So makeURL and getRequest are pure
functions, returning pure values. simpleHTTP takes
that value and does IO, so it returns a value in the IO monad. The
next two functions - (>>= getResponseBody) and
liftM getYear have to accept and return values in the
IO monad.
The next group of functions are easier, I promise. They're all
pure. getYear takes the string representing the page
for a season, and maps it to a set of three booleans, indicating
whether or not that seasons results would be a controversy for a
poll, a championship or a plus one system.
getYear :: String -> (Bool, Bool, Bool)
getYear = controversy . sort . (\ (t, r) -> map (getData t) r) . getRows . getTable . parseTags
And we once again see that list of function
compositions. parseTags is from the
Network.HTTP module, and turns the string into a list
of Tag String elements. getTable
extracts the table from that list:
getTable :: [Tag String] -> [[Tag String]]
getTable = partitions (isOpenTag "tr") . drop 2
. takeWhile (not . isCloseTag "table")
. dropWhile (not . isOpenTag "table")
And again I have a list of function compositions.
dropWhile skips over elements that it's first
argument says to - in this case, any element that is not a
"table" open tag, takeWhile accepts
elements that it's first argument says to accept - in this case,
any element that is not a "table" close tag.

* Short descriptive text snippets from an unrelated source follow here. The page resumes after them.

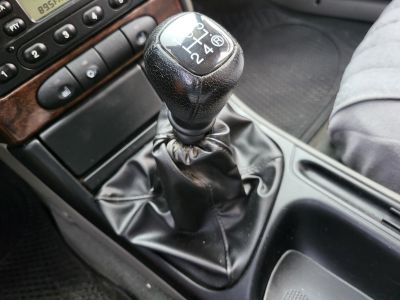 FORD MONDEO 2.5 V6 Ghia 72e km! M.o.-i. 1.tul. digit klíma el.ablak el. tükör ülésfűtés radar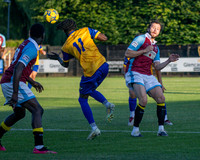 Berko 1 Chesham 4 (12 of 212)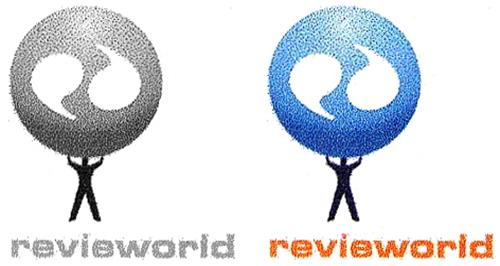 revieworld trademark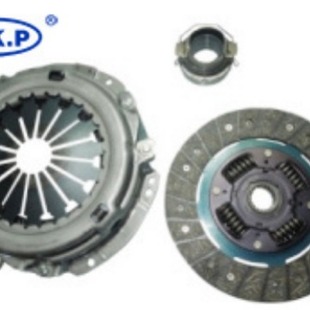 R111Mk Supplies Various Automotive Clutch Planning Disc Assembly Clutch Pressure Disc Pressure Piece Kit Accessories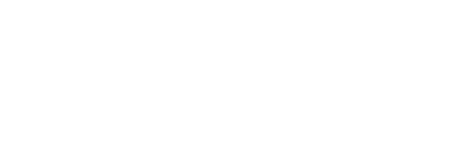 EhaanTech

drop just returns the list without it's first two
elements, which are the "table" open tag and the text
between it and the start of the first row. Finally,
partitions (also from the network.HTTP
module) turns the list of Tags into a list of lists
of Tags, starting a new list at every
"tr" open tag.
isOpenTag and isCloseTag are very
similar, using haskell's argument matching facility to check for
TagOpen or TagClose elements in the
list, and then comparing the text in the tag to their first
argument to make sure this is the open or close for the proper
element:
isOpenTag :: String -> Tag String -> Bool
isOpenTag tag (TagOpen t _) = map toLower t == tag
isOpenTag _ _ = False
isCloseTag :: String -> Tag String -> Bool
isCloseTag tag (TagClose t) = map toLower t == tag
isCloseTag _ _ = False
The table from getTable is then passed to
getRows. getRows is more complicated, in
that it has to check the first row to see if this year has a
column for ties (the rules changed in the 90s, making ties
impossible). It returns a Boolean indicating whether or not there
was a tie along with list of rows after the first one.

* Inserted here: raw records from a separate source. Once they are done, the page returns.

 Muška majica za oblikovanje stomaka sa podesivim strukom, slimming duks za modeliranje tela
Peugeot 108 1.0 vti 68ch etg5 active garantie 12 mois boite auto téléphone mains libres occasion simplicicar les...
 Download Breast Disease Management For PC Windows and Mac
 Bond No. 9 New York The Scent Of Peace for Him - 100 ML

getRows :: [[Tag String]] -> (Bool, [[Tag String]])
getRows rs = (isTies (head rs), tail rs)
where isTies r = maybe False (const True) (find (== TagText "Ties") r)

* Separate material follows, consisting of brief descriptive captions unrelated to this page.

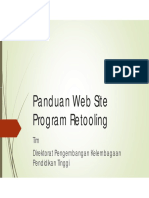 Panduan_Website__Retooling_Sertifikasi.pdf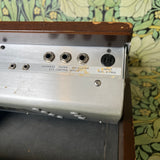 Moog Minimoog Model D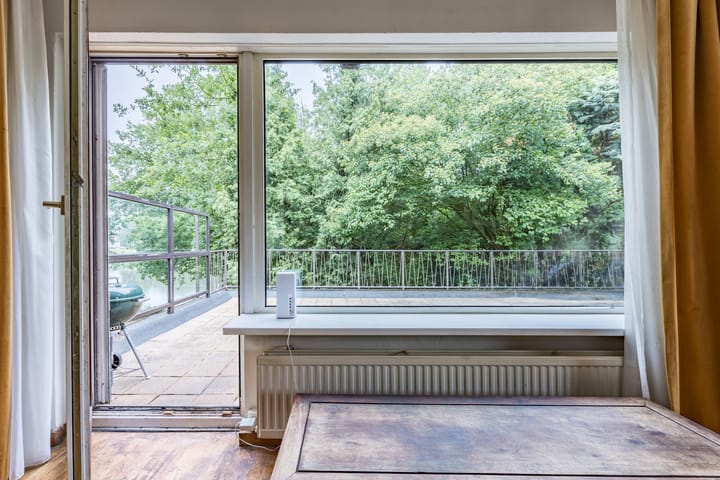 Foto 6 van G.W. Lovendaalsingel 20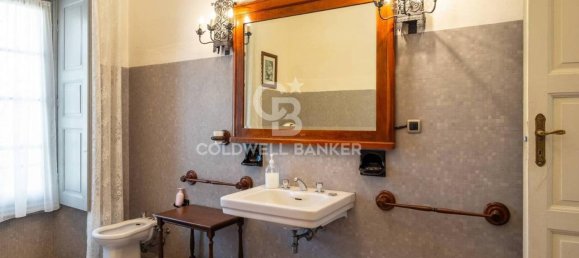 Villa de 10 divisões em Castello Cabiaglio, Italy N.º 38045 33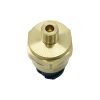 11039575 Pressure Sensor for Volvo A30C A35C L120D L150D L180C L180D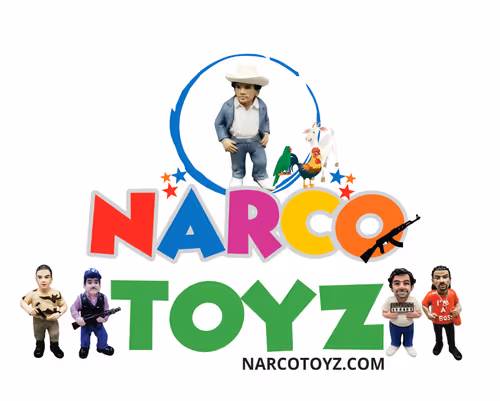 Item #75015039865950381637099534354555730455374424755224586957269538952010851680257 Media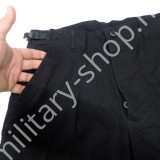 bdu rövidnadrág, amerikai katonai rövidnadrág,usa katonai ruházat,felszerelés u.s.army paratroop short ejtőernyős rövidnadrág katonai rövidnadrág katonai felszerelés ruházat katonai bolt üzlet military shop army shop katonai short sapka felszerelés amerik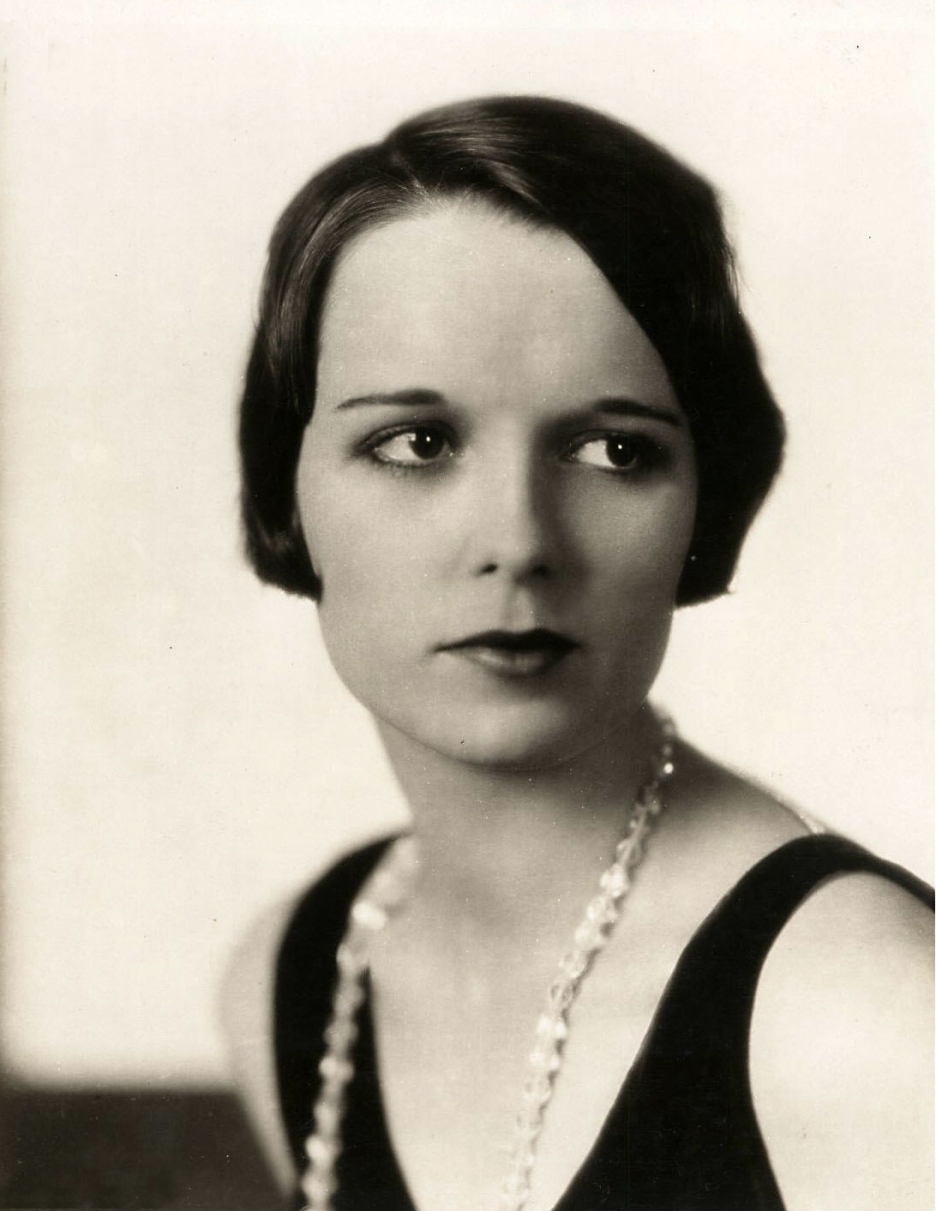 louise-brooks-gossip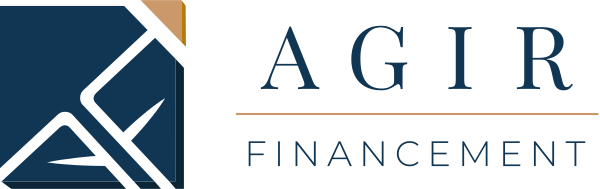 Agir Financement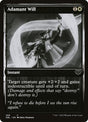 268-adamantwill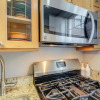 Отель Convenient Arlington Condo ~ 4 Mi to National Mall, фото 14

isTies is a helper function only visible in the
getRows namespace. It runs code in the Maybe
monad, which can either hold a value or not (i.e - is
Nothing). This monad has an extraction function
maybe that can return values outside the monad.
It's arguments are a
value to return if there is no value in the monad (i.e. - it's
Nothing), a function to apply to the value if there
is one, and the value to be checked. In this case, I return
False if there was no "Ties" column, and
use a function that always returns True if there is a
"Ties" column.
The piping the maybe monad is used to hide is error
checking. You can pass a value in the monad through a string of
functions that return a value in the monad, and once one returns a
Nothing the rest will be skipped, passing the
Nothing to the top level without having to explicitly
code tests for it at each step. I'm not taking advantage of that
here, but would have if I'd wanted to treat missing pages as
seasons with no teams (as in 1871).
The next step in the processing is to extract the controversy
information for each season. That's done by (\ (t, r) ->
map (getData t) r), an anonymous function that accepts the
tie Bool and then maps getData t over
the rows. getData t uses Haskell's automatic currying
to create a function that already has the ties Bool
and will process a row:
getData :: Bool -> [Tag String] -> (Int, Int)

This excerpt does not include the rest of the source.